Dog park magic and faraway places
When I was a child, I used to imagine what it would be like if I could transport myself to another land. It was always someplace magical and exciting. Sometimes it was a magic stone that allowed me to travel to a foreign land – Italy, France, Ireland, etc. Other times, it was the arch of the trees in the woods across the street from my house that became a magical portal to a magical kingdom. Almost always, my fantasies were fueled by the books I read, adventurous stories filled with heroes (and heroines) taking on new worlds and succeeding. What child doesn’t want to escape to another land once in a while?
I’d like to say that over time I grew up and stopped fantasizing about those strange new lands, those magical places where enchantment and wonder abounded, but the truth is I am still a dreamer. I still love the idea of finding a land untouched by human hand. Or, exploring a faraway place where the crowds of humanity and the craziness of the world can be forgotten. I like to imagine the America that existed before buildings blocked our view of the sky. I wish to revel in the beauty and awesomeness of nature before it was destroyed by huge machines and mass consumption.
I think that’s why I fell in love with the dog park where I first started taking my dogs five years ago. Back then the park was a magical place, filled with wonder and excitement. Birds sang their beautiful songs of love from nearly every branch. Squirrels and chipmunks ran from tree to tree, gathering nuts and leaves for their nests. The sun streamed down between the treetops, creating rays of light that would hit dewy spots of grass and make steam rise from the ground. It was truly a magical place. One could enjoy the sights and sounds of nature without feeling the full encroachment of man. No people talking. No dogs barking. Just me and my dogs communing with nature. I could almost believe we had escaped to another land.

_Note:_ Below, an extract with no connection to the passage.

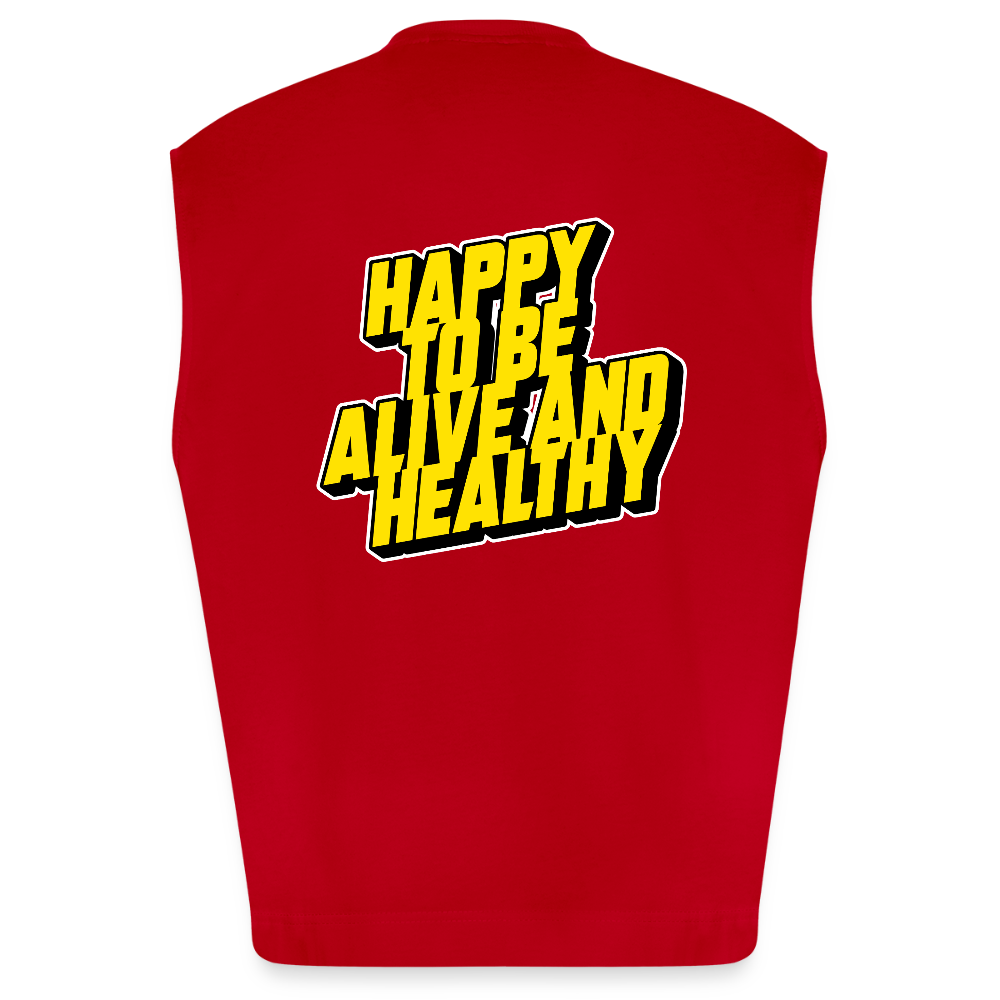 MH Heavyweight Oversized Organic Tank Top (EU) - red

But, as it is with all fantasies, reality has a way of seeping in. What seems magical to one will seem magical to another, and then another, and then yet again another. Soon word had spread about this magical place, the place where my dogs and I have walked quietly through the forest and listened to the birds singing from the trees, and as it did, the quiet solitude of the forest was replaced by more and more human voices and barking dogs. Suddenly what had seemed magical and private to me had become less so.

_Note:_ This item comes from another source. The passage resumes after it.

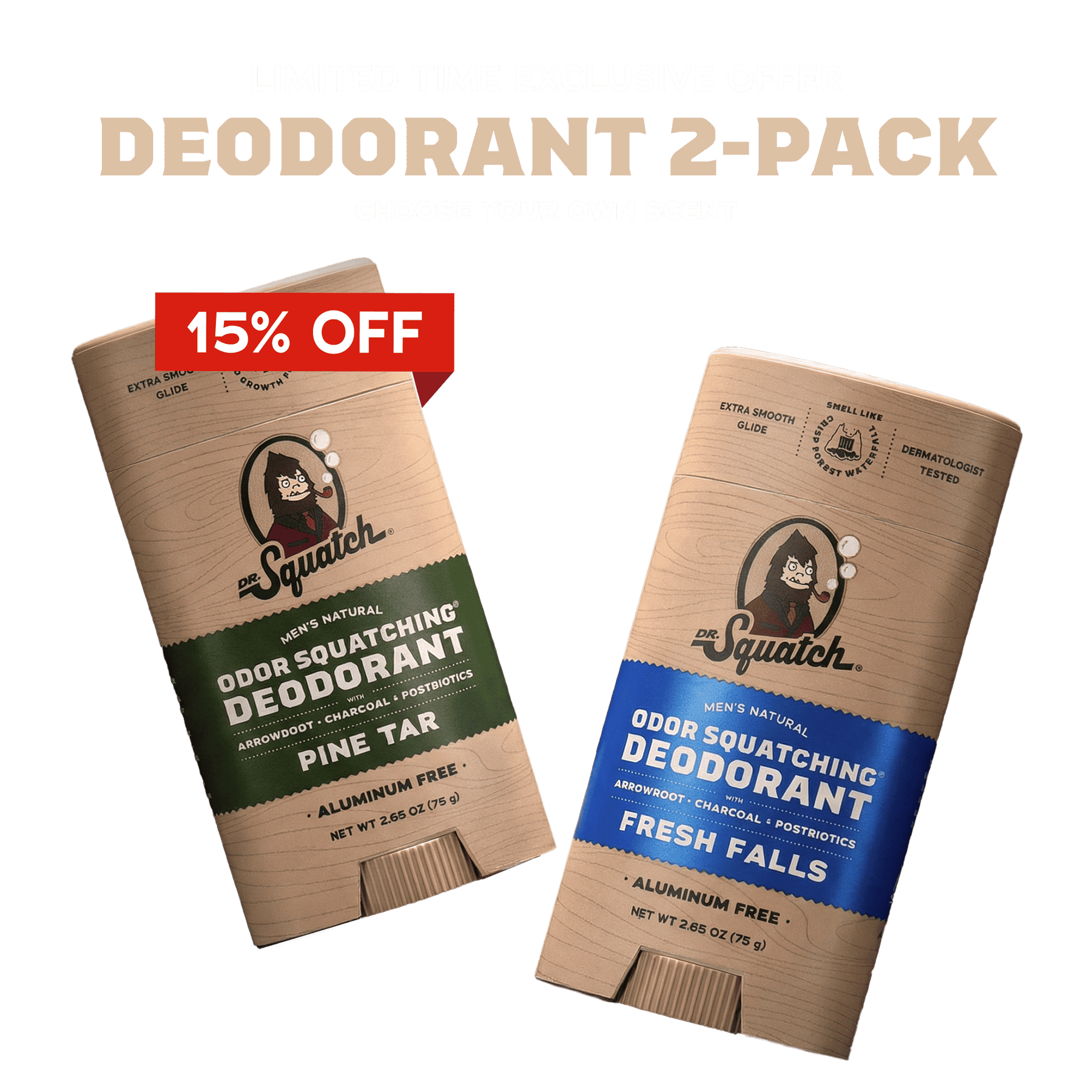 Exclusive: Deodorant 2-Pack Offer S3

We still love our dog park, my dogs and I, but there is something different about it now. It has lost some of its luster. It has become more of the dog park it was always designed to be.
The fenced in forest, where the wildlife used to outnumber the canines, has become less magical and I feel less entranced. I am craving a new land to explore. What does it take to find a private place to park your dreams these days? Where can one go to enjoy the quietude of the forest? Colorado? Montana?
Where do you go when you want that kind of solitude with your dogs?